Kang Hyojung, Sohn Min-Woong, Kim Soyoun, Zhang Siyao, Balkrishnan Rajesh, Anderson Roger, McCall Anthony, McMurry Timothy, Lobo Jennifer Mason
Department of Kinesiology and Community Health, College of Applied Health Sciences, University of Illinois at Urbana-Champaign, Champaign, IL, USA.
Department of Health Management and Policy, College of Public Health, University of Kentucky, Lexington, KY, USA.
Health Serv Outcomes Res Methodol. 2024 Jun;24(2):200-210. doi: 10.1007/s10742-023-00310-5. Epub 2023 Aug 9.

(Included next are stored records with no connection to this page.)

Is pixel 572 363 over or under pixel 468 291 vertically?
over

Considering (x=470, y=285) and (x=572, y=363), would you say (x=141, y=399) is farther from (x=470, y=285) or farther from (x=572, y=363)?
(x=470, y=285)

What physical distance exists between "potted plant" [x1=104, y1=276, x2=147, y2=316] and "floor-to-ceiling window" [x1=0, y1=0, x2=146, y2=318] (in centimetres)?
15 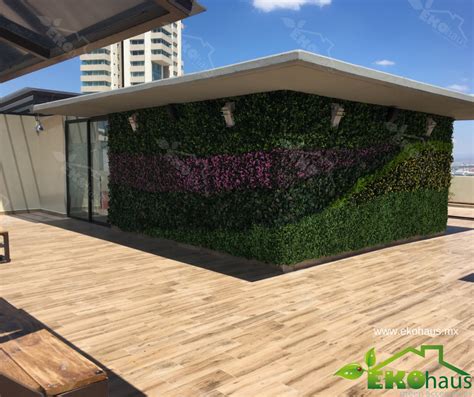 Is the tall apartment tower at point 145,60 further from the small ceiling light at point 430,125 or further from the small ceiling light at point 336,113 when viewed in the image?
the small ceiling light at point 336,113

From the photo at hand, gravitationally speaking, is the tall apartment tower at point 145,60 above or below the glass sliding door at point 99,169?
above

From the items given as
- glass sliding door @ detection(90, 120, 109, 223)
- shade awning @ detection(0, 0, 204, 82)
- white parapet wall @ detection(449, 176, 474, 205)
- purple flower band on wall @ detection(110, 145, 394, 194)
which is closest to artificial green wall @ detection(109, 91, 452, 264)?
purple flower band on wall @ detection(110, 145, 394, 194)

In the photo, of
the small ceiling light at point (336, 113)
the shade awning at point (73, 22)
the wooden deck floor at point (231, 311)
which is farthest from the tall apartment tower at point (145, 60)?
the shade awning at point (73, 22)

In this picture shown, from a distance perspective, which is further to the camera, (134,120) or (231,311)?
(134,120)

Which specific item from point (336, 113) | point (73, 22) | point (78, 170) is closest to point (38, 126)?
point (78, 170)

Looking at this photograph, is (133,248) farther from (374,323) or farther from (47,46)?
(47,46)

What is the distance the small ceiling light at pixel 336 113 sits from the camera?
Answer: 6758 mm

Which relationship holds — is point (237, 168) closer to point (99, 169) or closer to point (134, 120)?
point (134, 120)

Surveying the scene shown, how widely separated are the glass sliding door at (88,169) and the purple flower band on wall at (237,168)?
1662 mm

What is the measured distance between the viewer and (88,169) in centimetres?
1127

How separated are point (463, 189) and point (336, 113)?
1288 cm

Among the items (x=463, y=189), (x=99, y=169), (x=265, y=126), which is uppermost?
(x=265, y=126)

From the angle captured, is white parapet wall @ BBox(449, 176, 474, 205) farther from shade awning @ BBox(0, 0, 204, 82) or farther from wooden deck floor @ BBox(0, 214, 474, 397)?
shade awning @ BBox(0, 0, 204, 82)

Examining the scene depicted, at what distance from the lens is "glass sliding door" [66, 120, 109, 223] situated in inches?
420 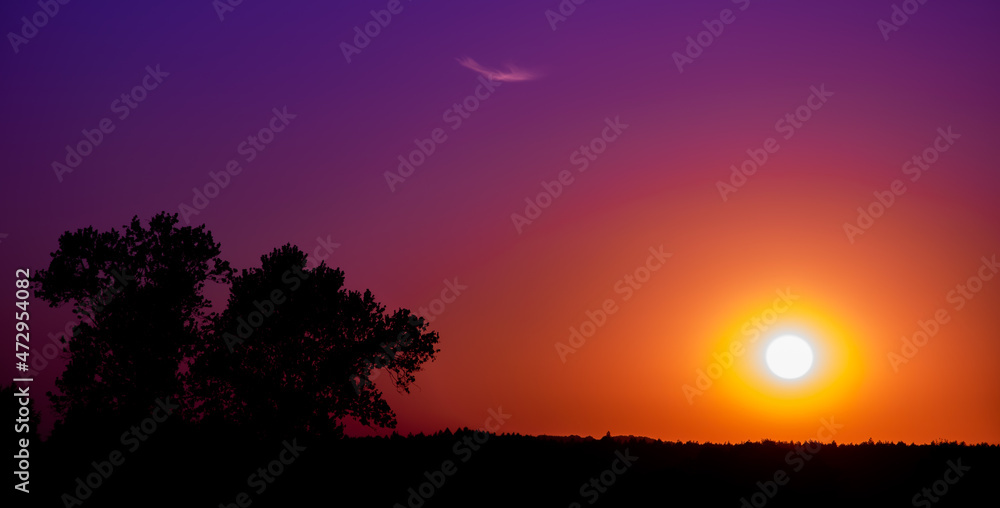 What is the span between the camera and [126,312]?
45.0 meters

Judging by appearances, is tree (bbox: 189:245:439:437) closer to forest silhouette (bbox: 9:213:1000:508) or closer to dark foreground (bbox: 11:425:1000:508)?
forest silhouette (bbox: 9:213:1000:508)

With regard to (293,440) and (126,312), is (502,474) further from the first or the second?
(126,312)

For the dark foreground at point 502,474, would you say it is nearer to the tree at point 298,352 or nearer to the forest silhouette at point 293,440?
the forest silhouette at point 293,440

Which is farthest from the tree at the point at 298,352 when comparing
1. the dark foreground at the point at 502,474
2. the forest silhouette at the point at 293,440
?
the dark foreground at the point at 502,474

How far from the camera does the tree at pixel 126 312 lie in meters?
44.2

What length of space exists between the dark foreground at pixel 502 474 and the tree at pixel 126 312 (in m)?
5.59

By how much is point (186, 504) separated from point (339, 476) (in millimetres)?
5613

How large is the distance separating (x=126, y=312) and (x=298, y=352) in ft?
28.6

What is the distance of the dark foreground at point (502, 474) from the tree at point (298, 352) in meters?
6.75

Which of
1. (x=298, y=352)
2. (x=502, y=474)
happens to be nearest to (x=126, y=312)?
(x=298, y=352)

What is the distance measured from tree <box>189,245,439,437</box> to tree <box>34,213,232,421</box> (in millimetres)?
1969

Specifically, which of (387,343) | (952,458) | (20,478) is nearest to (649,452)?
(952,458)

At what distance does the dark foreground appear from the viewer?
31.7m

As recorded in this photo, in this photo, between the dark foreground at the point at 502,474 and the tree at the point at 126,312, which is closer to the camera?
the dark foreground at the point at 502,474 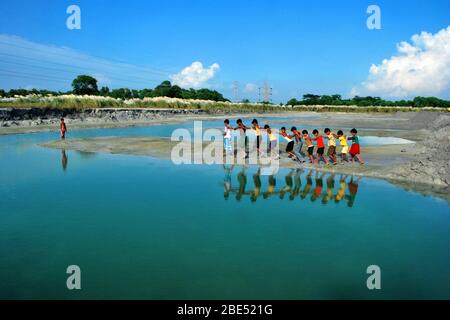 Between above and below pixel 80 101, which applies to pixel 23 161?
below

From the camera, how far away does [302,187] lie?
12.4m

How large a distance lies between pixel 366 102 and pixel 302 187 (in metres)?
124

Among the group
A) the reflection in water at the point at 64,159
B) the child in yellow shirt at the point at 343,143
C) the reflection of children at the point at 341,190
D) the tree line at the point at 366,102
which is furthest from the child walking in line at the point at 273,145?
the tree line at the point at 366,102

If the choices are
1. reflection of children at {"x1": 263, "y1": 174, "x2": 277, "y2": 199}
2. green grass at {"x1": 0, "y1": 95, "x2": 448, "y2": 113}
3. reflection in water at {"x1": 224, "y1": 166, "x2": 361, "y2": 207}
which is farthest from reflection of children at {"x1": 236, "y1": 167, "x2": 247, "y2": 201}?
green grass at {"x1": 0, "y1": 95, "x2": 448, "y2": 113}

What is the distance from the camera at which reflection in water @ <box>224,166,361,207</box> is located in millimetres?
11211

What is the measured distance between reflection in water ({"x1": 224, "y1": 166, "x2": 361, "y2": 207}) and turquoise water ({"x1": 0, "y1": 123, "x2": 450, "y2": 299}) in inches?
1.4

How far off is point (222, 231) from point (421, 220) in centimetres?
473

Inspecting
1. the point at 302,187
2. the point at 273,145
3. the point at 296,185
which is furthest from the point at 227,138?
the point at 302,187

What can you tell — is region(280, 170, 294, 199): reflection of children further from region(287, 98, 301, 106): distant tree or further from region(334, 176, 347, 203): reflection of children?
region(287, 98, 301, 106): distant tree

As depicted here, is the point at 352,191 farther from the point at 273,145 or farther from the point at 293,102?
the point at 293,102

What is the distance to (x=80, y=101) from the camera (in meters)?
49.2

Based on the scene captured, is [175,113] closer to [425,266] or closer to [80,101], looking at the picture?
[80,101]

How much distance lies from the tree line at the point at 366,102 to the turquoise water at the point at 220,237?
11561 cm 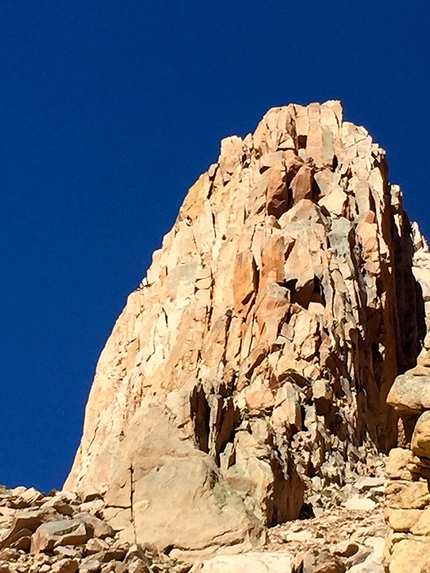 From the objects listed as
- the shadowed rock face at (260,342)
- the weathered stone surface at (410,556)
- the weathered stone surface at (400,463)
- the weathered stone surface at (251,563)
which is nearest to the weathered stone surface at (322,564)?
the weathered stone surface at (251,563)

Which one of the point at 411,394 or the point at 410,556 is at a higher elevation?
the point at 411,394

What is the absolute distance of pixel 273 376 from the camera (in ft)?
142

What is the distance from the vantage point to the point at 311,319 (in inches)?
1825

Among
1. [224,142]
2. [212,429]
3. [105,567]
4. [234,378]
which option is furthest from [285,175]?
[105,567]

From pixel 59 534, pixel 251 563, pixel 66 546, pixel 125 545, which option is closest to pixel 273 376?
pixel 125 545

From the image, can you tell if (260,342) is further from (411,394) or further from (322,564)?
(411,394)

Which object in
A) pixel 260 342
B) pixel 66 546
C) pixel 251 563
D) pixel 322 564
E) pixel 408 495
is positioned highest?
pixel 260 342

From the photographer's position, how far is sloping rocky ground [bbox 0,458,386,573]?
2080 centimetres

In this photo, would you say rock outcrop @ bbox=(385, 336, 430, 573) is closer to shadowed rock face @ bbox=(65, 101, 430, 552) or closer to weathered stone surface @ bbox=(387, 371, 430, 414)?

Annual preventive care is essential for diabetes patients to reduce the risk of complications including hypoglycemic events and blindness. Our aim was to examine the relative efficiency of Diabetes Belt (DB) and non-Diabetes Belt (NDB) counties in providing recommended preventive care for Medicare beneficiaries with diabetes using available health professional resources and to understand county-level socioeconomic factors associated with inefficient provision of preventive care. A data envelopment analysis (DEA) model was developed to assess relative efficiency of counties in providing diabetes preventive care. Logistic regression was performed to identify socioeconomic characteristics associated with inefficiencies. We used Medicare claims data to extract individual-level information of diabetes preventive service use and obtained county-level estimates of health resources information from the Area Health Resources File. More than 80% of counties had more than 10% inefficiencies on average. Compared to counties in the NDB, the odds of being inefficient were 2.44 times more likely in the DB (OR 2.44, CI 1.67-3.58). Counties with lower median income, with a smaller proportion of non-Hispanic Black population, and in a rural area had higher odds of being inefficient in providing preventive care. Our DEA results showed that counties in the DB and NDB were mostly inefficient. The availability of care providers may be less of a problem than how efficiently the resources are used in providing preventive care. Identifying sources of inefficiency within each community with low resource utilization and developing targeted strategies is needed to improve uptake of preventive care cost-effectively.
年度预防性护理对于糖尿病患者降低并发症风险至关重要,这些并发症包括低血糖事件和失明。我们的目的是利用现有的卫生专业资源,研究糖尿病带(DB)县和非糖尿病带(NDB)县为医疗保险受益糖尿病患者提供推荐预防性护理的相对效率,并了解与预防性护理提供效率低下相关的县级社会经济因素。我们开发了一种数据包络分析(DEA)模型来评估各县提供糖尿病预防性护理的相对效率。进行逻辑回归以确定与效率低下相关的社会经济特征。我们使用医疗保险理赔数据提取糖尿病预防性服务使用的个人层面信息,并从地区卫生资源文件中获取县级卫生资源信息估计值。超过80%的县平均效率低下超过10%。与NDB县相比,DB县效率低下的几率高出2.44倍(OR 2.44,CI 1.67 - 3.58)。收入中位数较低、非西班牙裔黑人人口比例较小且位于农村地区的县,提供预防性护理效率低下的几率更高。我们的DEA结果表明,DB县和NDB县大多效率低下。护理提供者的可获得性可能不如资源在提供预防性护理时的使用效率那样成为问题。需要确定每个资源利用率低的社区内效率低下的根源,并制定有针对性的策略,以经济高效地提高预防性护理的利用率。